The Chief of Defence Force is the head of the Singapore Armed Forces (SAF), who holds the rank Lieutenant-General or Vice-Admiral.

The position was created in 1974 as Chief of the General Staff, with the appointment of Winston Choo, before changing to its current name in May 1990. Prior to the appointment of Choo as Chief of the General Staff, the Ministry of Defence was in charge of the SAF. Before the position was created, the head of Singapore Army—which at that time made up the military—held the position of Director, General Staff.

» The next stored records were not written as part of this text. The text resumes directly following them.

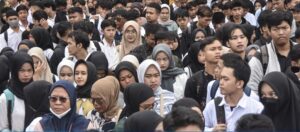 Ekonomi Indonesia Tumbuh Stabil, tapi Kesempatan Kerja bagi Anak Muda Masih Terbatas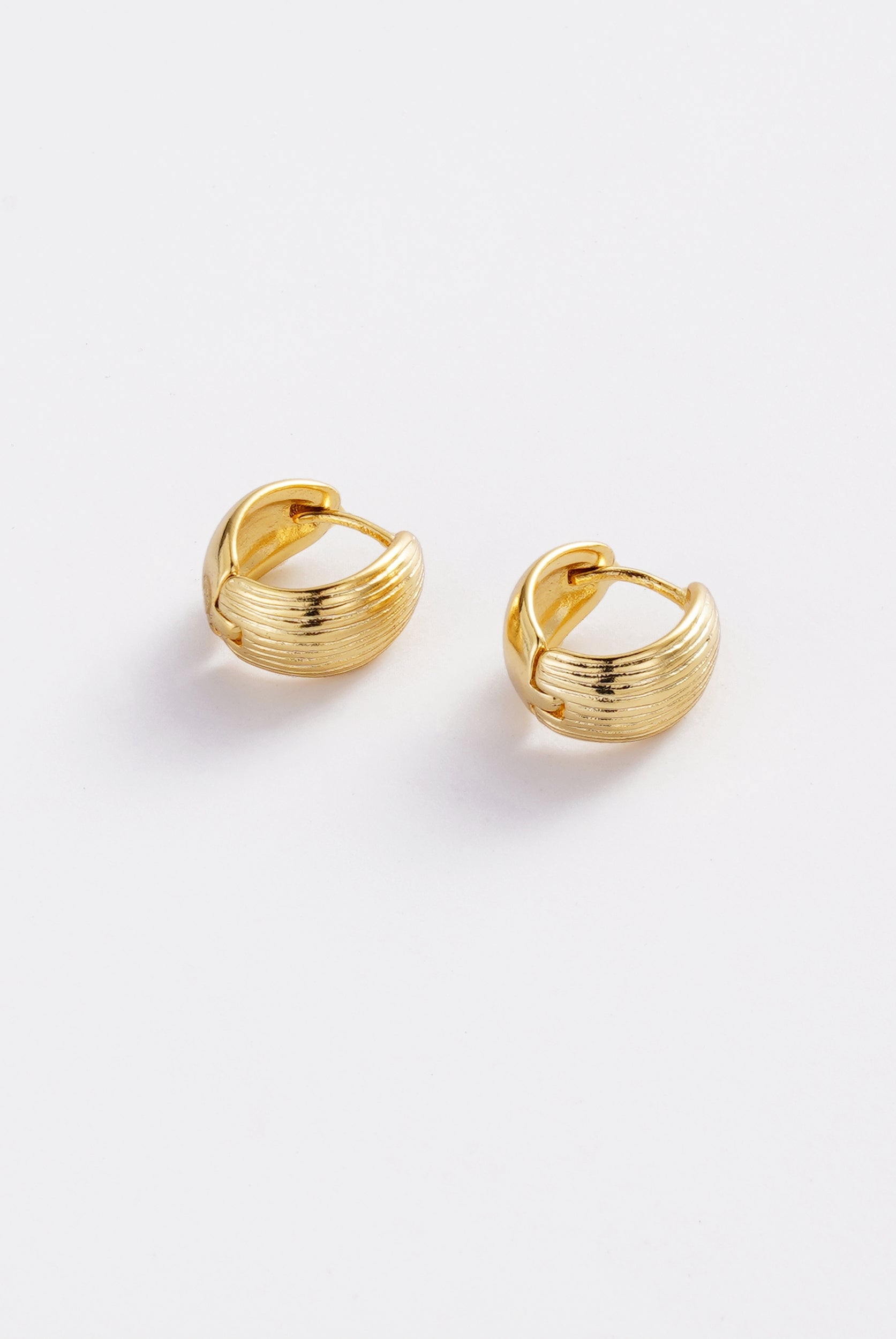 Gia Hoop by Zafino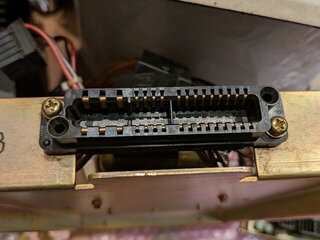 背面のコネクタ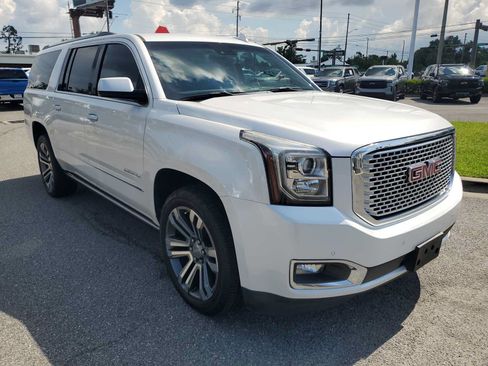 Used 2017 GMC Yukon XL Denali w/ Open Road Package AWD/4WD image 8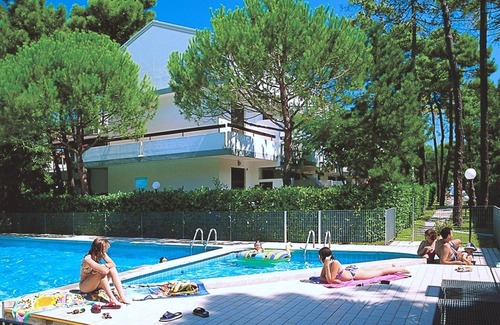 Lignano Pineta Villa | Moderna villa independiente junto a la playa con encanto privado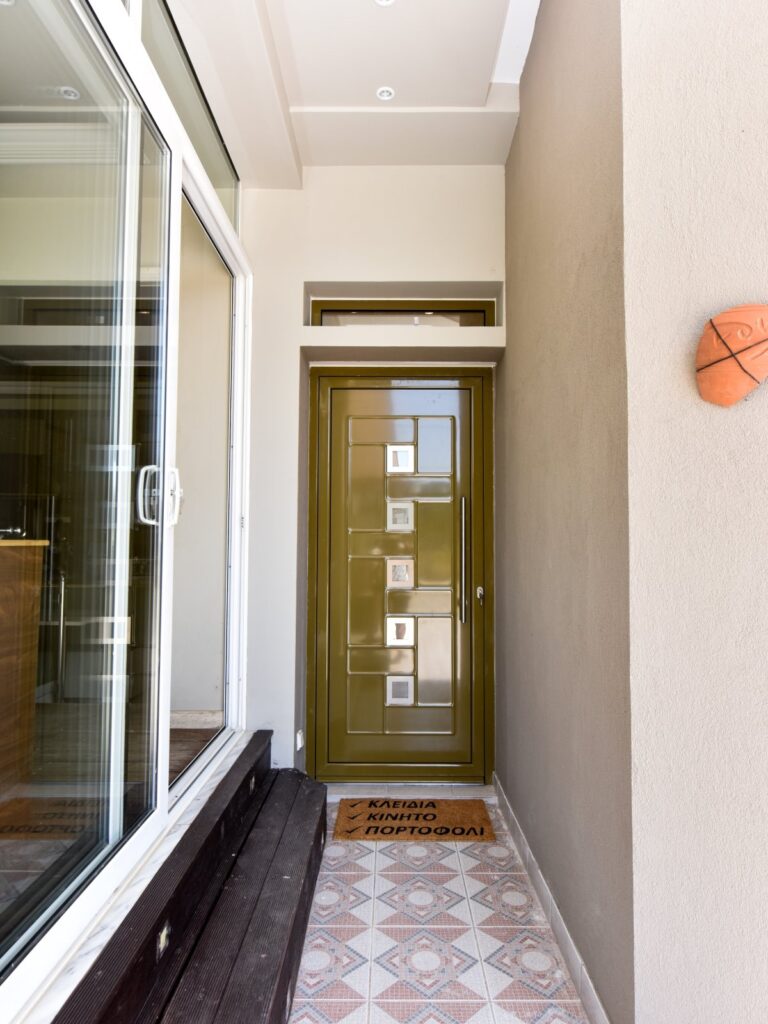 Eleon-Arial-Studio-1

The president has the power to appoint each new CDF, as well as new chief of each of the four services in the SAF, on the advice of the prime minister, who in turn must consult with the Armed Forces Council, on which the CDF sits. The CDF also maintains a role as an aide-de-camp to the president.

Role
The CDF is the operational head of the SAF, and holds a seat on the Armed Forces Council which oversees all matters pertaining to the SAF. In addition, if any of the four service chiefs—the Chief of Army, Chief of Navy, Chief of Air Force or Chief of Digital and Intellegence Service—is unable to carry out his duties, the CDF is tasked to perform those duties in addition to his own. If the CDF is unable to perform his own duties, the Minister of Defence is allowed to select one of the four service chiefs to perform the CDF's duties.

The office of CDF also carries with it a position as one of three full-time aides-de-camp to the President. According to the Singapore Presidential Office website, the position entails handling the President's security and his/her social needs, in addition to other general duties.

A number of powers relating to summary trials for military offences is vested in the CDF. Paragraph 2, Section 62 of the Singapore Armed Forces Act states that any offence in which the accused holds the rank of Colonel or Military Expert 7 is to be referred to the CDF, who can then dismiss the charge, hold a summary trial, or pass the case on to the director of legal services of the SAF, who can in turn instruct the CDF to try the accused.

As head of the SAF, the CDF often makes visits to countries with shared military interests, such as Bahrain, Japan, and Vietnam, and also occasionally hosts foreign military chiefs on official visits.

List of officeholders (1965–1990)
The role of the head of the SAF was first titled as "Director, General Staff" around 1969, and was held by Brigadier-General T. J. D. Campbell, who was previously Head of the Singapore Defence Force (1965–1966), and the Singapore Volunteer Corps (late 1950s–1965) before the independence of Singapore in 1965. Campbell had been Acting Director since around 1968. Colonel Kirpa Ram Vij was appointed his successor. According to sources, the position of "Director, General Staff" was considered similar to the position of the present-day CDF, and was equivalent to Chief of Army. A news report from The Straits Times on Campbell's death refers to him as having been "army chief."

In 1974, Colonel Winston Choo was given the appointment of Chief of the General Staff, having previously been a departmental head at the Ministry of Defence (MINDEF). In May 1990, the position was changed to its current name, with Choo, who had been promoted to Lieutenant-General, still in office. He had been promoted to each of the general ranks in 1974, 1978 and 1988. Choo stepped down in 1992, after 18 years as the head of the SAF.

Prime Minister Lee Kuan Yew described Goh Keng Swee as the de facto armed forces chief of staff when the latter was Minister for Defence. Goh had been responsible for evolving the SAF while serving as Minister for Defence from 1965 to 1967.

Although Campbell and Vij have both held a position of similar authority, Choo is referred to as the first CDF in a number of MINDEF publications.

In the past, there also existed a Deputy Chief of the General Staff, who was tasked to "[work] with troops on the ground," but there is no deputy position for the present-day CDF in the structure of the SAF.

List of chiefs of Defence Force (1990–present)

Since the appointment of CDF was established in 1990, there have been seven holders to the position, beginning with Winston Choo who was already in office as Chief of the General Staff.

In their retirement citations from the Ministry of Defence,
 Both Bey Soo Khiang and Lim Chuan Poh were cited for having "positioned the SAF to meet the challenges in the 21st century" and for improving the SAF's capacity to use latest technology in advancing the forces' proficiency;
 Ng Yat Chung's retirement citation noted that he "successfully commanded the overall deployment of the SAF in peace support operations in East Timor" and disaster relief after both the 2004 Indian Ocean earthquake and tsunami and the 2006 Yogyakarta earthquake;
 Desmond Kuek was cited for "(leading) the SAF's transformation into a modernised, integrated and networked fighting force" and "significantly (enhancing) the SAF's ability to deal effectively with the evolving security challenges".